Your instructions:
Output, exactly as written, the lines below from the one that has "Schaal H0 Fleischmann" through the one that has "Picture 3 of 4"; nothing else, and no pictures.

Listed entries:
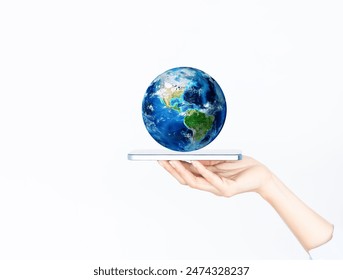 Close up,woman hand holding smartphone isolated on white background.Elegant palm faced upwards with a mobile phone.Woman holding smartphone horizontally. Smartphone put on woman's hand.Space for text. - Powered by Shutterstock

--

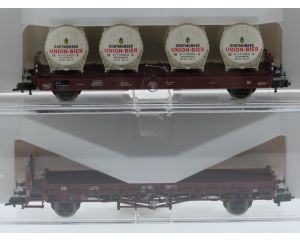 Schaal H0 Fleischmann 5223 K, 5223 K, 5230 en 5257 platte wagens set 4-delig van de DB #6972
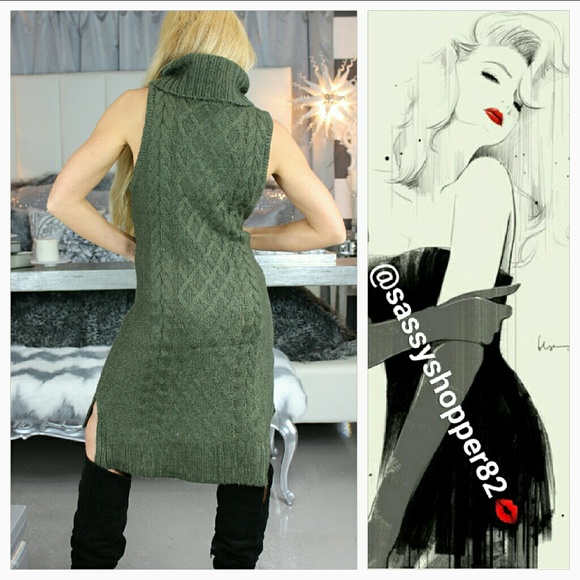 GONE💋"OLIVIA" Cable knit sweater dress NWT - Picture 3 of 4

Answer to the exercise:
 Schaal H0 Fleischmann 5223 K, 5223 K, 5230 en 5257 platte wagens set 4-delig van de DB #6972
 GONE💋"OLIVIA" Cable knit sweater dress NWT - Picture 3 of 4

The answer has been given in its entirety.